The Dead’s music is hugely eclectic; their repertoire is immense, and they played every song and show differently every time. This was a format that (consciously implemented or not) promoted repeated and sustained engagement. You wouldn’t likely go to three Eagles shows in a row, knowing that each would be series of carefully rehearsed and perfectly executed replicas of their studio recordings, and the exact same show three times in a row. By contrast, the Grateful Dead could (and occasionally did) go six shows without repeating a single song—and we loved it! They conditioned us to appreciate novelty and spontaneity.
I wrote about it in an essay, “Grateful Dead Concerts Are Like Baseball Games,” published in The Official Book of the Dead Heads.
8. Why have they survived for 60 years, despite losing so many key members?
The GD created a musical language that has taken on a life of its own. The original members appear to have sworn some kind of blood oath that kept them together through the struggling years, the addiction years, etc. And the music itself demands to be played and heard. The commitment appears to have been a strong one, and we who love the band and the music have accepted and encouraged them to continue.
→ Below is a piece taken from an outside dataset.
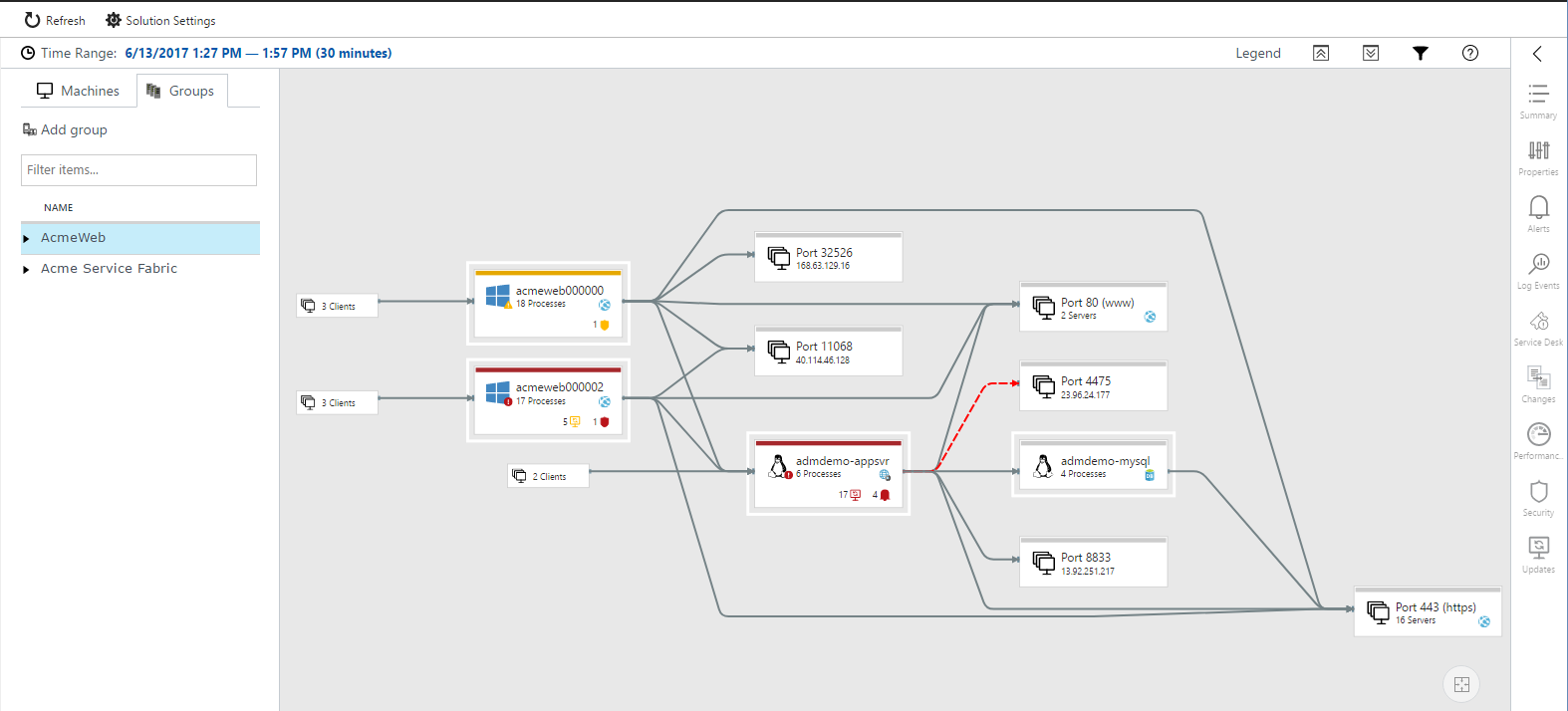 Screenshot, der Computergruppen anzeigt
9. What’s your feeling about all the Dead cover bands?
I consider myself a direct descendant of the Grateful Dead: like the GD, I combine my own music (first thing I ever played on a guitar was a song I wrote with my brother) with new interpretations of songs from various sources, and I string them all together with improvisation. My repertoire includes a lot of Grateful Dead material, but very little of it presented in canonical forms. My interpretation of Jerry Garcia’s most important legacy is: TELL THE STORY IN YOUR OWN VOICE. I don’t think I have ever been in a band that only played GD music; my pals and I always had our own songs and our own favorite “covers” to do along with the Dead stuff.
That said, I also have plenty of respect for those who do strive to replicate the Dead’s sound. I can’t begrudge anyone playing the music they love the most in front of audiences that love it along with them.
10. Did you ever think it would get this big and last this long?
Nope! After Jerry died I thought I might have to wind down the GD Hour and look for a new job. I was wrong. My station list continued to grow for a few years after Jerry’s passing, and although it has been shrinking a bit in recent years I am still picking up new stations here and there.
I knew the music was going to live forever because this immense national subculture of tribute bands has also continued to grow.
Some of us thought Fare Thee Well might be something of an ending, but no! All those tribes that got together for one more wild weekend in 2015 decided they weren’t ready to disband—and then Dead & Company came along and the caravan of buses resumed!